We’re using up the ingredients for our favorite hi-tech devices. Without these key components, we could not make anything from cell phones to solar panels. The stuff we put into liquid-crystal displays – indium – and plan to turn into next-generation semiconductors – hafnium – might no longer be found in nature by 2017 (InformationWeek, 29 May 2007).

David Cohen writes in his audit of "Earth's natural wealth" that reserves of elements from:

* platinum (used in cars’ catalytic converter and in fuel cells) to
* indium (used in flat-screen TVs and computer monitors) and
* tantalum (used in mobile phones)

are "being used up at an alarming rate." These are elements; unless Merlin figures out how, we can not synthetize any substitute substance.

As India and China and other rapidly developing economies consume more common metals like zinc and copper, even those once plentiful supplies dwindle. Over the last year as the price of copper soared, so have thefts of copper from power lines and electrical substations. Some predict the world's zinc will be gone by 2037.

These shortages could hinder the development of more efficient solar panels. At a time when our world is getting low on oil and hot from burning fossil fuels like coal, better solar panels could come in handy. Without them, China would resort to burning its millions of tons coal; already on America’s Pacific coast, 10% of the air pollution is from Chinese factories and powerplants.

People who estimate these reserves disagree widely. Yet whoever’s right, some day we must deplete them.
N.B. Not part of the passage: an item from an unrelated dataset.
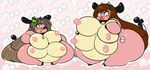  2014 :o anthro apple_(character) big_belly big_breasts big_butt big_nipples blush bovine breast_grab breasts brown_hair butt cattle collar cowbell darkelfaqua female fruit green_eyes hair hooves horn huge_breasts long_hair mammal miltank multi_breast navel nilla nintendo nipples obese open_mouth overweight pink_nipples pok&eacute;mon size_difference smile tehbuttercookie vanillapaw video_games wide_hips yellow_eyes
As we do, we provide yet another reason why Moore's Second Law – the cost of developing new and more complex chips increases geometrically – is true. (via reader Stewart Goldwater).

However, while it’s good for worriers to have another problem to worry about, the alarm was not raised by a recycler. Each year, America throws away as much metal as it consumes. Logically, for at least one year, America need not mine one new ton of ore – if we recycle.
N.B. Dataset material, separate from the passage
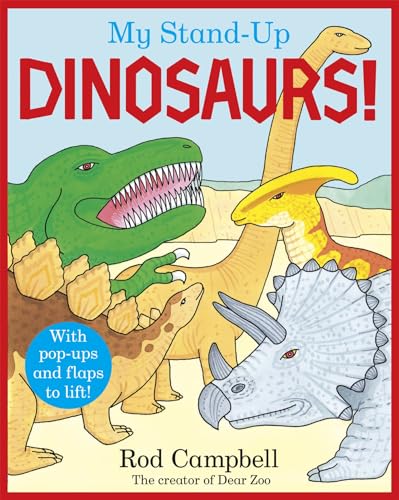 Book cover featuring illustrated dinosaurs, including a T-Rex and Triceratops.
Why don’t we recycle now? The expense. Why is it cheaper to dig up ores – and pile up broken and worn out electronic devices in landfills – than to leave land alone and recycle valuable parts and ingredients? The answer is not mere convenience. Mining is not easier than recycling. And it’s not consumer preference. Buyers don’t know if the metal in their laptop used to be in an ancient desktop or recently under tons of cubic earth.

The answer is politics. Modern, efficient recycling costs more than wasteful mining as a byproduct of entrenched policy. As a hangover from the century before last, we favor mining corporations, specifically with taxes and subsidies.

Who wouldn't want to be a prospector given these breaks?

* To claim the public land which harbors precious ore, they get to pay the same number of pennies per acre that they paid back in 1872.
* What do we charge them for despoiling the land and leaving behind waste (called “tailings”)? Anything from little to nothing.

* What size of tax write-off do we offer for using heavy equipment? Heavy ones. What size for hiring workers to do things like take apart old TVs? None.

Get the picture? When you pay taxes that become subsidies, you buy the most effective way to run out of rare metals. So, if you want to reuse the ingredients in old computer monitors, what should you do? Reverse public policy. Make people pay taxes for what they take, not for what they make.

And let people get a share of the value of nature. Spreading the natural wealth around, more people could invest their money where their heart tells them – for “greens”, into recycling. And getting an income supplement, more people could afford to take off time to advance their own ideas, like a better way to recycle or an alternative to a basic ingredient.

Sure, feel alarmed that our appetite for rare metals roars undiminished. But realize there is something we can do. Correct prices by correcting taxes and subsidies – a new policy called geonomics.


Jeffery J. Smith runs the Forum on Geonomics.